- [Brief]: Output the line that contains "OJA SEMI VIVA LA TIENDA 49 CAFENIU" and every line after it to the end of the entries, with nothing added or left out.

- [Extracted entries]:
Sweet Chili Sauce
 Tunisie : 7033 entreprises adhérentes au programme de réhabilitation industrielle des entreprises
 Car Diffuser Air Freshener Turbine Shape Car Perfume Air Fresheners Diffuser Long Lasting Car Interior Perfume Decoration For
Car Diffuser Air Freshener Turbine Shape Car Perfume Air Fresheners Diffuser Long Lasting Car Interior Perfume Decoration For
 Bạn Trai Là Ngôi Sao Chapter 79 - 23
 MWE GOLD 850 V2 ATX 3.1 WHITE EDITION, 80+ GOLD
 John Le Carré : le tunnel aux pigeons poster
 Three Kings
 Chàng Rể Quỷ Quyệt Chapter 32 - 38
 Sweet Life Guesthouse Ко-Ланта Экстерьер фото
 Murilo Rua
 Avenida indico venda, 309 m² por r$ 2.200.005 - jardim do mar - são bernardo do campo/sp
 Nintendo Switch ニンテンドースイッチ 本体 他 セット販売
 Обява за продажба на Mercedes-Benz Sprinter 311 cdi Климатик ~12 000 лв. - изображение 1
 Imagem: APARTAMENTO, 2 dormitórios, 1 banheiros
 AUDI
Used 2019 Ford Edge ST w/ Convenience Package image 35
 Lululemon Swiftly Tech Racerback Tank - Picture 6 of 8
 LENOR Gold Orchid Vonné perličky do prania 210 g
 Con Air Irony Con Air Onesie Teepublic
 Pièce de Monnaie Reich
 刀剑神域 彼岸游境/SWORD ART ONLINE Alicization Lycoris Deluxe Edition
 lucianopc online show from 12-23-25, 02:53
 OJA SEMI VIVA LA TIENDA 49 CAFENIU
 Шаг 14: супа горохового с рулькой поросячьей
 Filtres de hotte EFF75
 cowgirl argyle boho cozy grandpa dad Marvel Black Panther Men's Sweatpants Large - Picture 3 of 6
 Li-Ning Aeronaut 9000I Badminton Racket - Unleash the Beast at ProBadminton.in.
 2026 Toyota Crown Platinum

- [Answer section]:
 OJA SEMI VIVA LA TIENDA 49 CAFENIU
 Шаг 14: супа горохового с рулькой поросячьей
 Filtres de hotte EFF75
 cowgirl argyle boho cozy grandpa dad Marvel Black Panther Men's Sweatpants Large - Picture 3 of 6
 Li-Ning Aeronaut 9000I Badminton Racket - Unleash the Beast at ProBadminton.in.
 2026 Toyota Crown Platinum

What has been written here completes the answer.